MATERIAL PROVIDED:
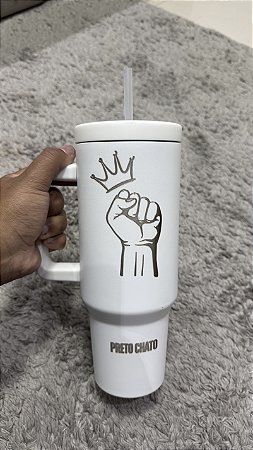 Copo Térmico Preto Chato 1.2lt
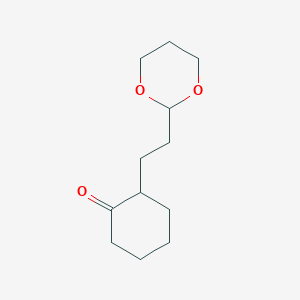 molecular formula C12H20O3 B8584660 2-[2-(1,3-Dioxan-2-yl)ethyl]cyclohexanone 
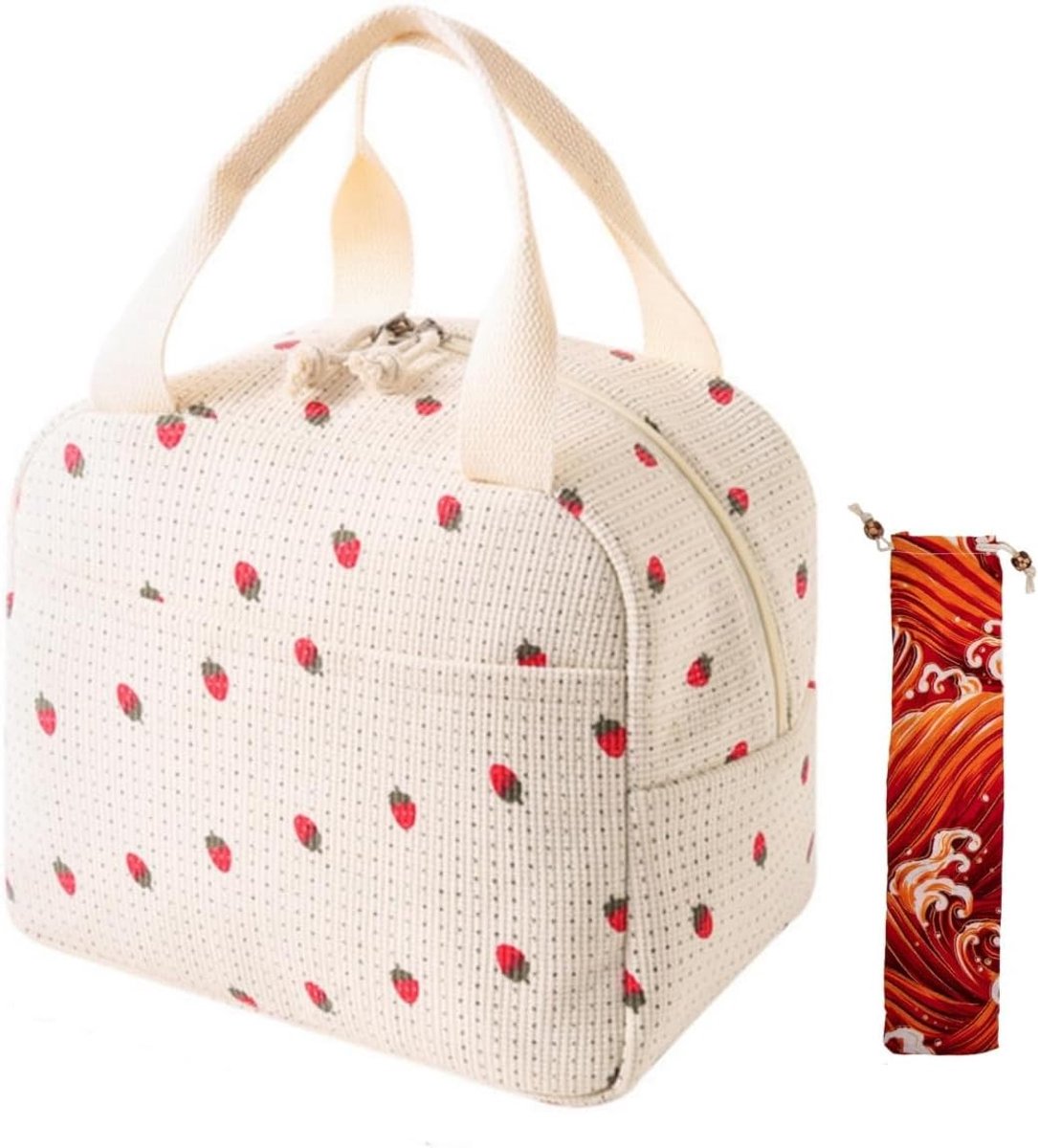 Vouwbare thermische lunchtas voor dames, geïsoleerde koel tas, picknicktas voor school en werk, inclusief bestekzak in aardbeienroze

EXERCISE INSTRUCTIONS:
Leaving out the pictures, output each line above exactly as it is.

YOUR SOLUTION:
 Copo Térmico Preto Chato 1.2lt
 molecular formula C12H20O3 B8584660 2-[2-(1,3-Dioxan-2-yl)ethyl]cyclohexanone 
 Vouwbare thermische lunchtas voor dames, geïsoleerde koel tas, picknicktas voor school en werk, inclusief bestekzak in aardbeienroze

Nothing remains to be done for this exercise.